*** SUPPLIED MATERIAL ***
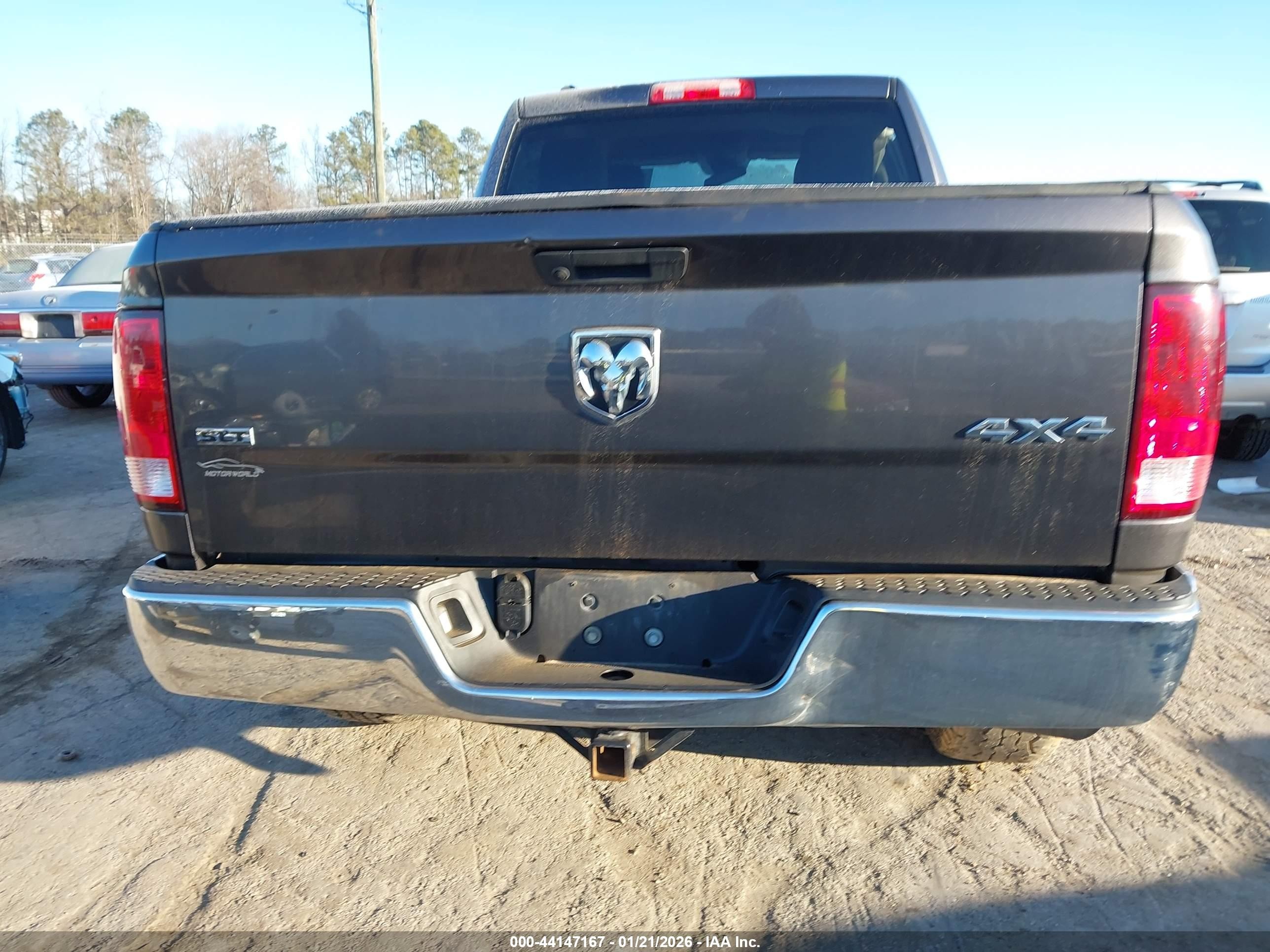 2021 Ram 1500 Classic Slt  4x4 6'4 Box Gray vin: 1C6RR7TT8MS517012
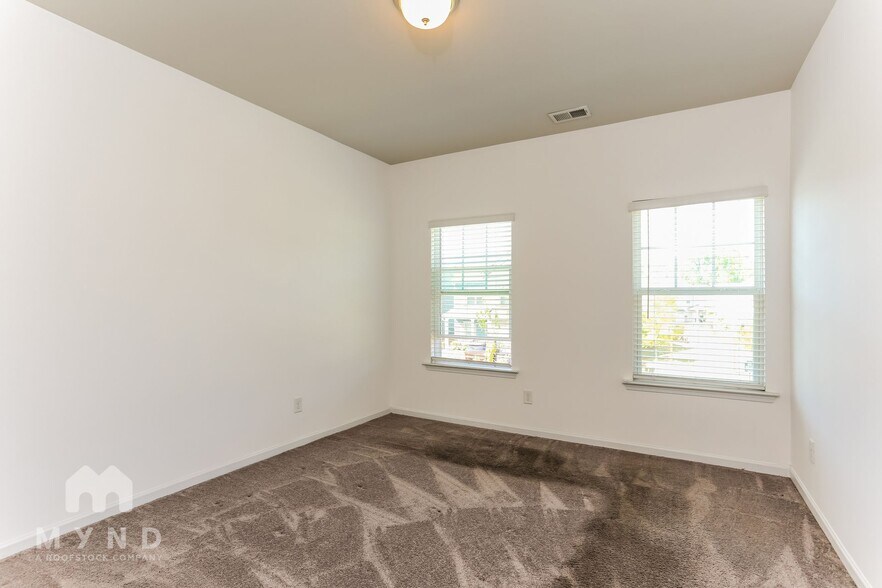 Building Photo - 1582 Ribbon Mill Ln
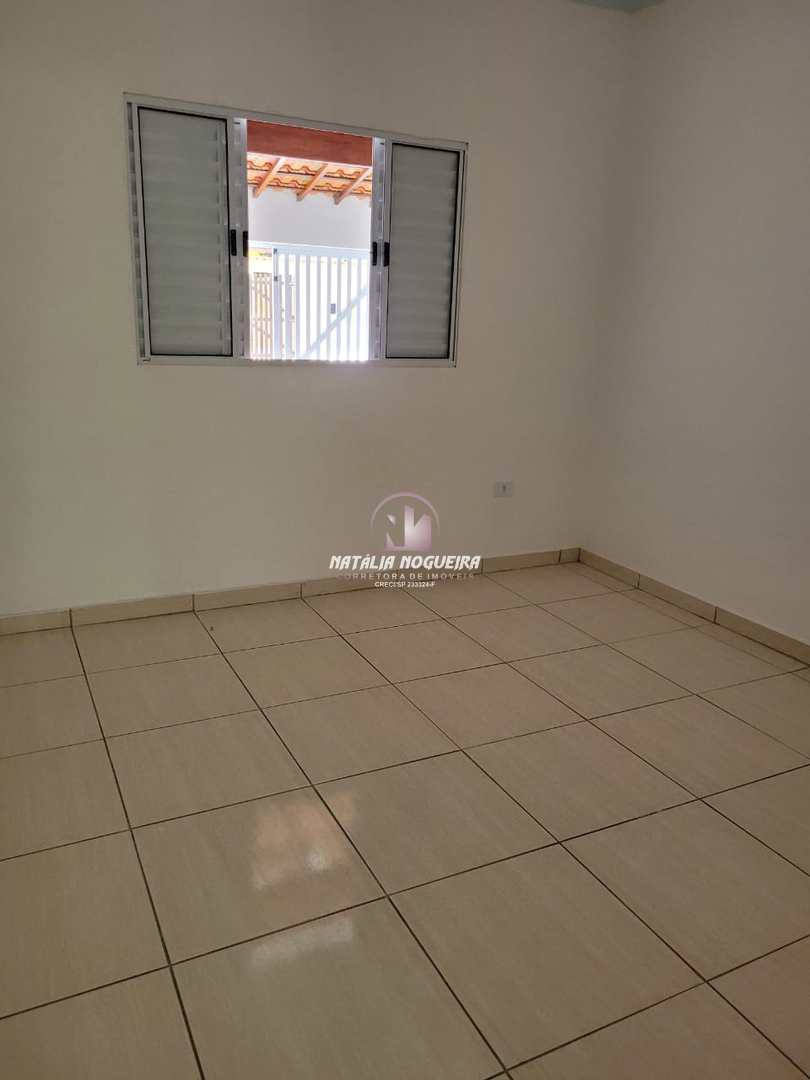 Casa à venda com 2 quartos, 150m² - Foto 12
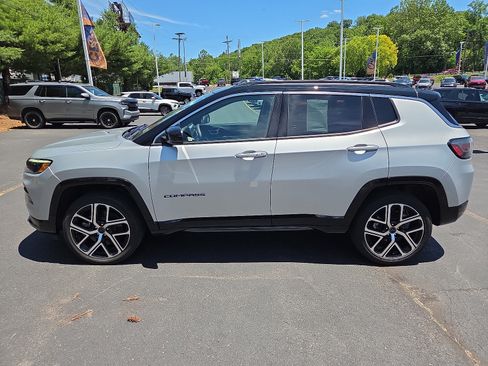 Used 2025 Jeep Compass Limited w/ Elite Group AWD/4WD image 6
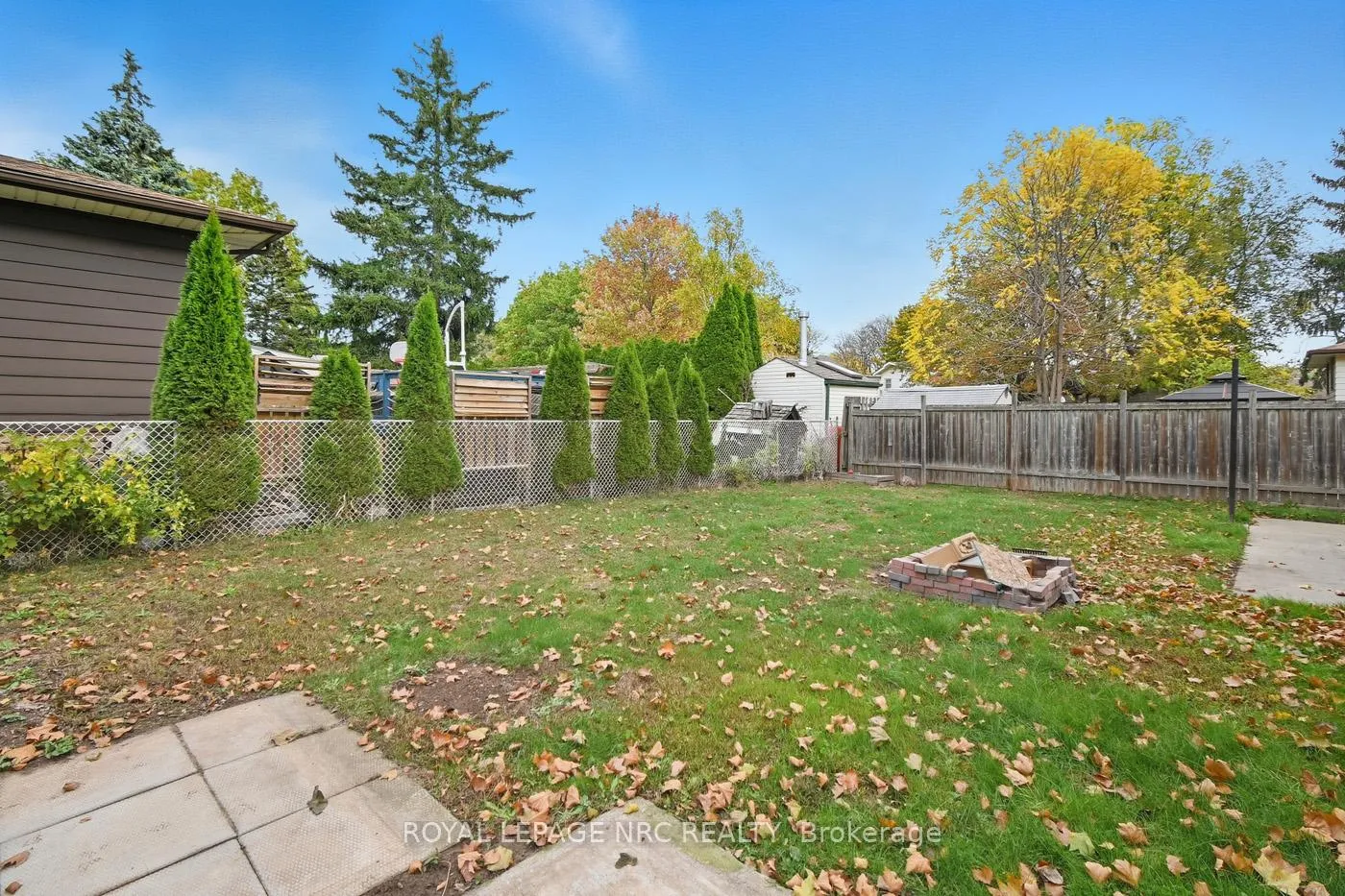 Photo 27 of 4448 Meadowvale Drive, Niagara Falls, Morrison — HOMEH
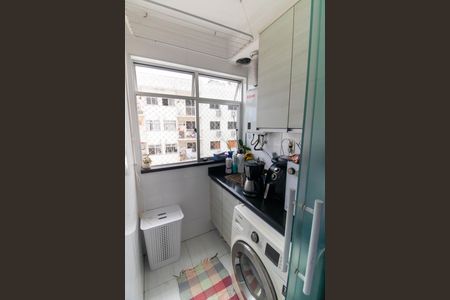 Apartamento à venda com 72m², 3 quartos e 1 vaga Apartamento à venda com 72m², 3 quartos e 1 vagaCozinha e Área de Serviço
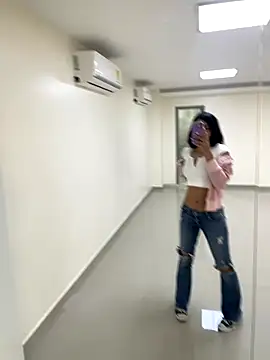 MaskedGirl  online show from November 18, 2025, 4:43 pm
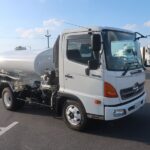 散水車　サブエンジン式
*** End of SUPPLIED MATERIAL ***
*WHAT YOU NEED TO DO*
Give back all the material exactly, with no pictures.

*EXPECTED OUTPUT*
 2021 Ram 1500 Classic Slt  4x4 6'4 Box Gray vin: 1C6RR7TT8MS517012
 Building Photo - 1582 Ribbon Mill Ln
 Casa à venda com 2 quartos, 150m² - Foto 12
 Used 2025 Jeep Compass Limited w/ Elite Group AWD/4WD image 6
 Photo 27 of 4448 Meadowvale Drive, Niagara Falls, Morrison — HOMEH
 Apartamento à venda com 72m², 3 quartos e 1 vaga Apartamento à venda com 72m², 3 quartos e 1 vagaCozinha e Área de Serviço
 MaskedGirl  online show from November 18, 2025, 4:43 pm
 散水車　サブエンジン式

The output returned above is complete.